Kerjasama ulama-umara ini menggantikan peran para ulama yang sibuk berselisih antar mazhab pemikiran atau fiqih, terutama berebut pengaruh dan kedudukan dan para umara yang saling bersaing untuk kekuasaan hingga melemahkan Khilafah, bahkan berencana melengserkan Khalifah di masanya. Selain itu, ia bertujuan menghapus dominasi firqah sesat Batiniyyah yang meneror Dunia Islam dan membuka jalan bagi Salibis-Eropa menguasai Syam al-Mubarak, terutama Baitul Maqdis; baik yang berpusat di Mesir ataupun Persia. Sinergi yang kuat terjalin sehingga tak aneh jika Sultan Nuruddin yang bermadzhab Abu Hanifah dapat berjuang bersama Sultan Shalahuddin yang bermadzhab Syafi’i. Di antara pasukan mereka terdapat Syaikh al-Islam Imam Muwafaquddin Ibn Qudamah al-Hanbali, penulis kitab Al-Mughni.

Demikian pula Sultan Muzhafaruddin membangun 2 (dua) madrasah di Irbil, yakni Hanafiyyah dan Syafi’iyyah. Istrinya, Rabi’ah Khatun,  membangun madrasah Hanabilah. Bahkan sinergis kelimuan sudah terbentuk dari kedua Imam yang berbeda mazhab pemikiran (akidah) maupun hukum (fiqih): al-Ghazali dan al-Jailani.

Peran penting gerakan yang diikuti Sultan Muzhafaruddin, sang perintis Peringatan Maulid Nabi saw., bukan hanya membangkitkan perlawanan Jihad terhadap Salibis-Eropa, namun juga menguatkan kesatuan umat dalam naungan Khilafah Abbasiyah. Sultan Shalahuddin, sang kakak ipar sekaligus pucuk pimpinan, secara jelas mempersembahkan wilayah Mesir dan Syam kepada Khalifah an-Nashir li Dinillah setelah dibersihkan dari Batiniyyah-Fatimiyyah dan Salibis-Eropa. Langkah sang Sultan mengikuti pendahulunya, yakni Sultan Nuruddin Muhammad az-Zanki, dan sang paman, Amir Asaduddin Syirkuh. Bahkan di era sebelumnya Sultan Nuruddin sebagai pemimpin Damaskus tetap setia kepada Khalifah al-Muqtafi li Amrillah yang menargetkan pembebasan Mesir saat sedang fokus berjihad melawan Salibis-Eropa.

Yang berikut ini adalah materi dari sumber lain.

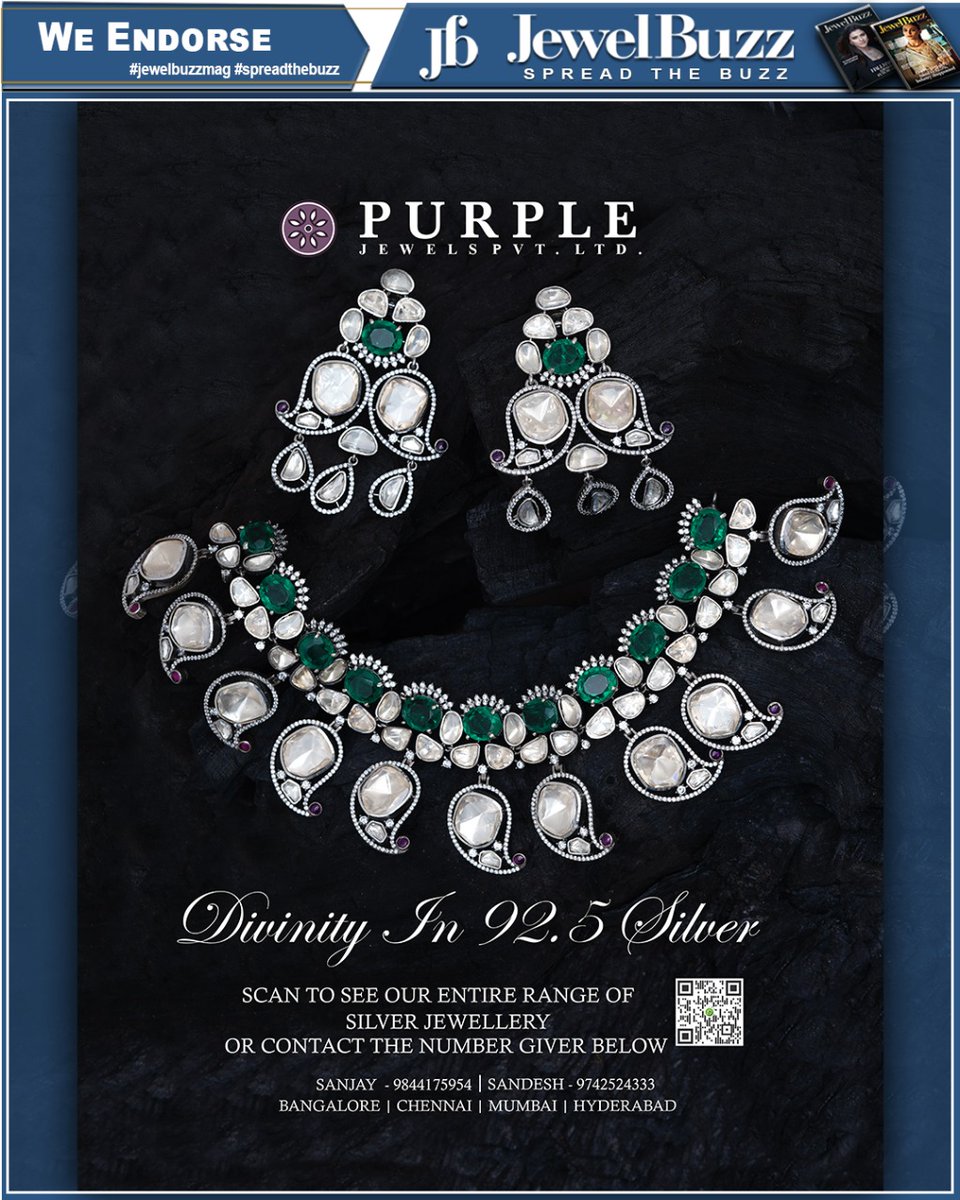 *Purple Jewels Pvt Ltd - Divinity In 92.5 Silver* @jewelbuzzmag

*For more Updates* Do follow us on Social Media
*Facebook Page* bit.ly/3blw5Rg

#purplejewels #jewelbuzzmagazine #jewelbuzzmag #spreadthebuzz #jewelmagazine #gold #silver #gemstone #platinum #diamond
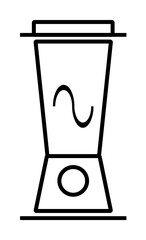Poster - blender simple line icon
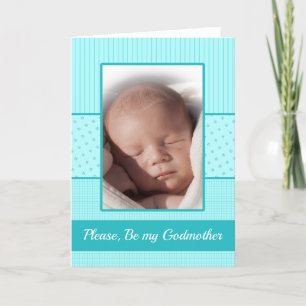 Baby Boy be my Godmother Invitation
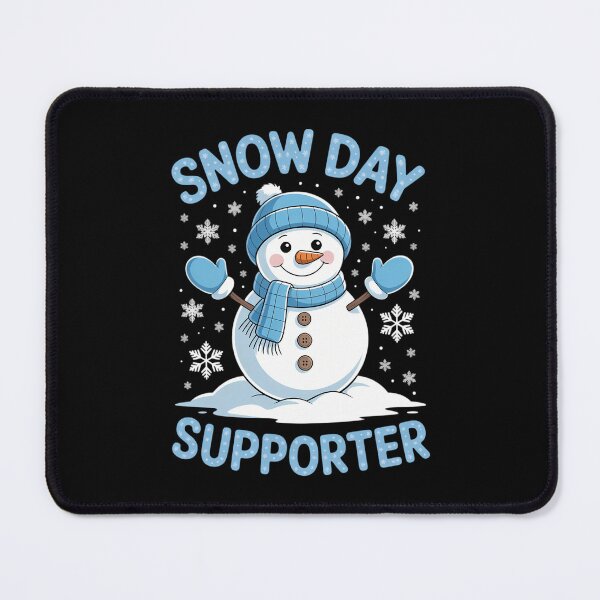 Item preview, Snow Day Supporter Cute Snowman Snowflake Christmas Xmas designed and sold by LunaCrazeArt.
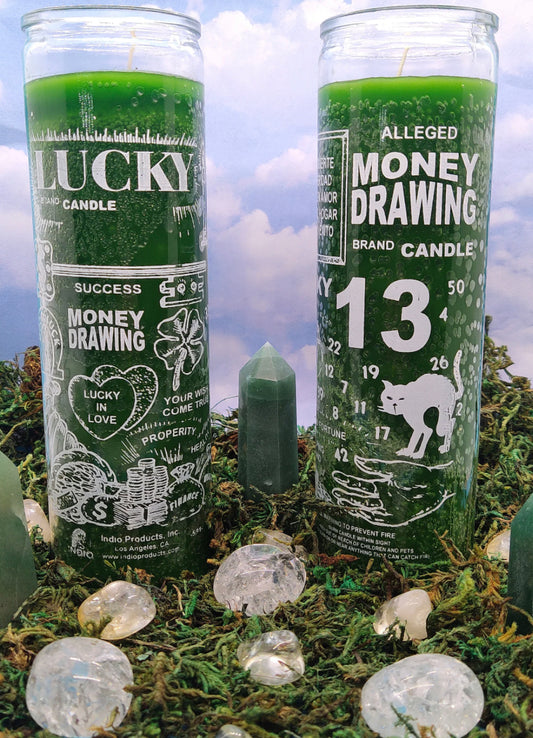 Money drawing candle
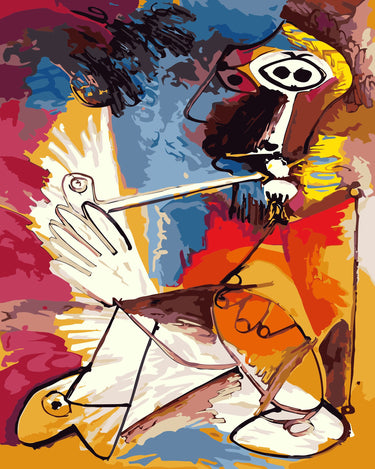 Schilderen op Nummer Abstract PBN10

Semangat yang sama dapat ditemukan pula pada Kesultanan Banten Surasawan. Ia menerima surat resmi dari Syarif Makkah, Sayyid Zaid ibn Muhsin al-Hasani, yang dibawa utusan Banten dari trah Sumedanglarang. yakni Haji Jayasantika dan Haji Wangsaraja yang menetapkan gelar as-Sulthan Abu al-Mafakhir kepada Pangeran Ratu Maulana Abdul Qadir ibn Muhammad ibn Yusuf ibn Hasanuddin ibn Syarif Hidayatullah Sunan Gunung Jati rahimahumulLâh. Beliau dan para pendahulunya dikenal sebagai para ulama-umara yang aktif berjihad melawan kafir Penjajah Eropa, sejak era Portugis hingga Belanda. Meriam Ki Amuk yang tersimpan di Keraton Surasawan menjadi saksi perjuangan Cirebon – Banten – Demak melawan musuh Khilafah Utsmaniyah.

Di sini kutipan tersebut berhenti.